#### [What needs to be done]
Leaving out the images, please reproduce each line below exactly.

#### [Data section]
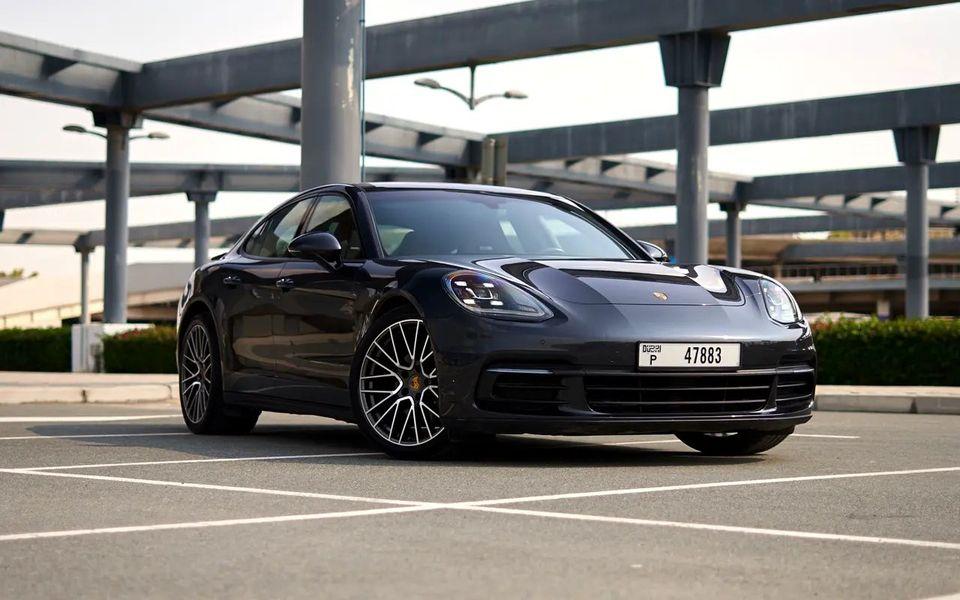 Porsche Panamera 4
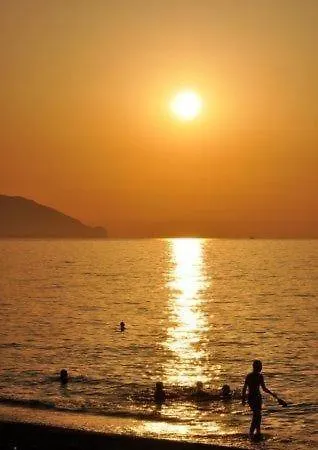 Ancora Bianca Stromboli * Pezzi di Gala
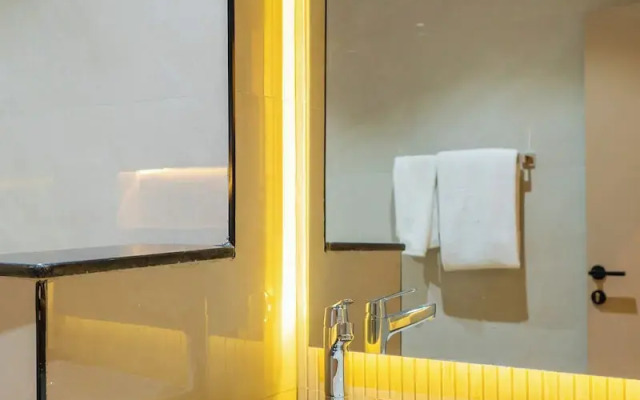 7EVEN Suites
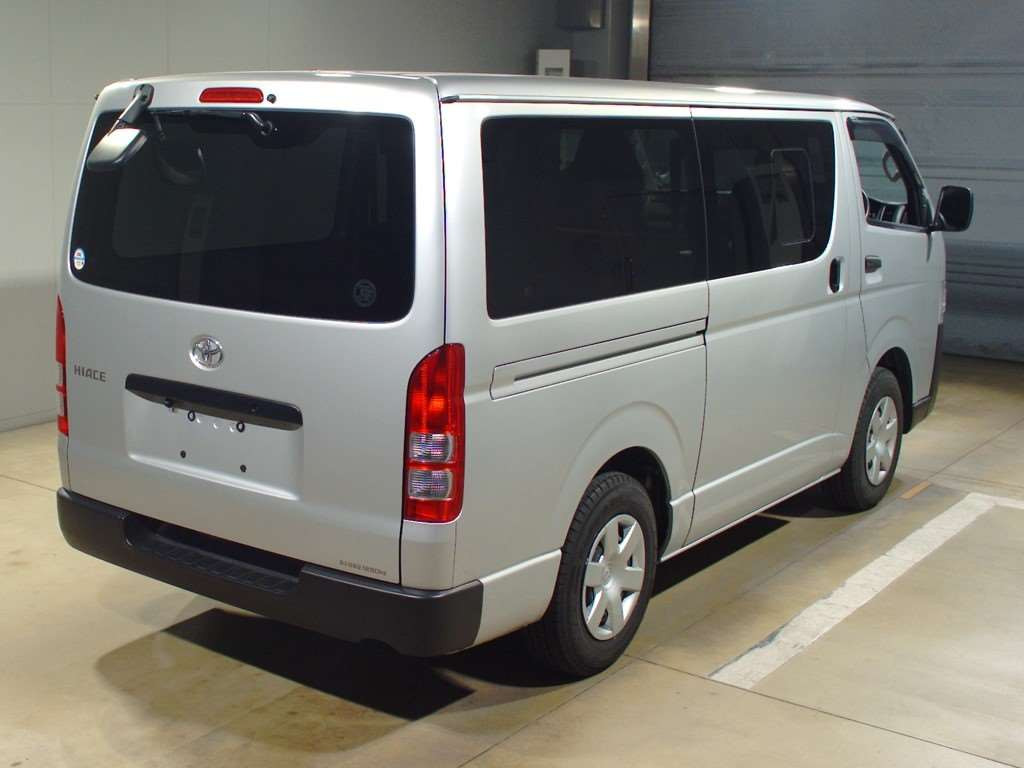 2020 Toyota Hiace Van TRH200V[1]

#### [Completed exercise]
 Porsche Panamera 4
 Ancora Bianca Stromboli * Pezzi di Gala
 7EVEN Suites
 2020 Toyota Hiace Van TRH200V[1]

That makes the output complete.